To the naked eye — even the practiced eye of most bartenders and police officers — the counterfeits look perfect. The photo and physical description are real. So is the signature. The address may be, too. The holograms are exact copies, and even the bar code can pass unsophisticated scans.
If drivers licenses were only rarely and poorly faked then police and financial institutions would have much less incentive to, for example, deploy biometric scanners to verify identity. But since the capabilities of the fakers and deceivers keep growing and the amount of identify faking and theft grow as well an escalating response by the verifiers (e.g. bar bouncers, bank tellers, police) is a foregone conclusion.
When will bartenders start scanning drivers licenses and taking pictures of patrons to upload to an ID check database on the web?

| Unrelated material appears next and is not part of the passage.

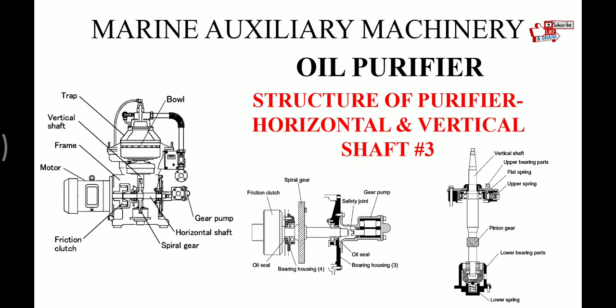Hello friends, welcome back to my channel MU Exams. This is my third video on purifiers. In my last two videos we covered the basic working principle of the purifier and the structure of the bowl. This video we will try to cover the vertical and horizontal shaft, and at the end we'll see the motor characteristics.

Will pictures be insufficient? Will young people need to get their fingerprint or retina scanned every time they enter a club? How soon will this change come? Will banks start asking for a fingerprint or retina scan when you sign up for an account?
What's the technologically fanciest form of ID check you've experienced to date and where did it happen? Are defense contractors the biggest users of biometric ID technology? Or do other industries lead the way in use of cutting-edge means to identify who enters their premises?
Update: With so many pictures of people up on the web facial recognition technology will make it easy for you to identify anyone you see.